> **Record set**
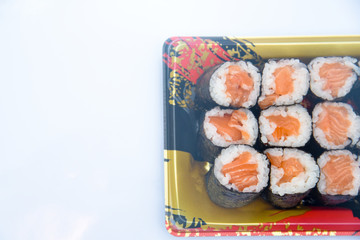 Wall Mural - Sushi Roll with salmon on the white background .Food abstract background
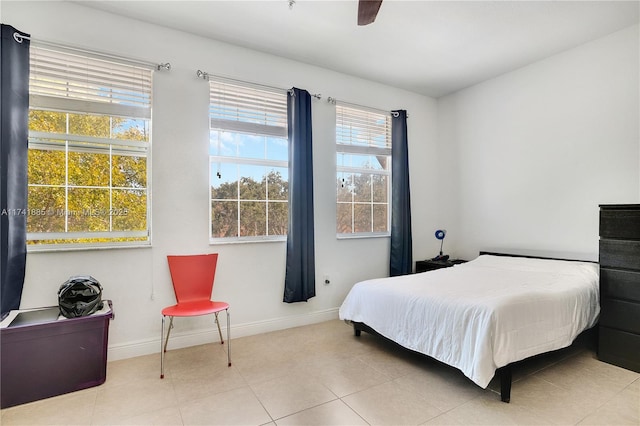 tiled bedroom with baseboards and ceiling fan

* * *

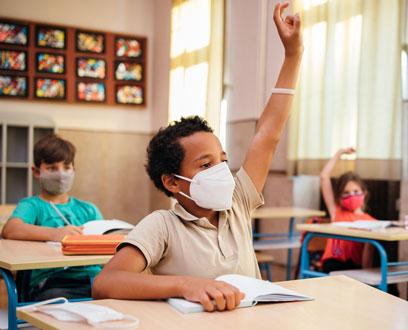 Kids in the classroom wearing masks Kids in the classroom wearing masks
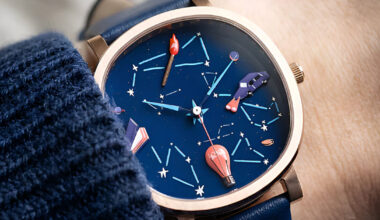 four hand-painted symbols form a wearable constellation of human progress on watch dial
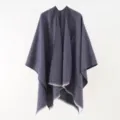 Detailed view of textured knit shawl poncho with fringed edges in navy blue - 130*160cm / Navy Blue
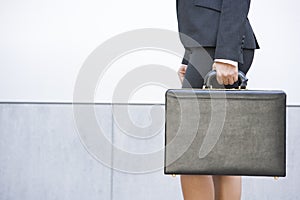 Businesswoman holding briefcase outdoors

> **Your instructions**
Retype only the lines above from the one with "Wall Mural - Sushi" through the one with "tiled bedroom with", exactly and with both ends. Images stay out.

> **Answer below**
 Wall Mural - Sushi Roll with salmon on the white background .Food abstract background
 tiled bedroom with baseboards and ceiling fan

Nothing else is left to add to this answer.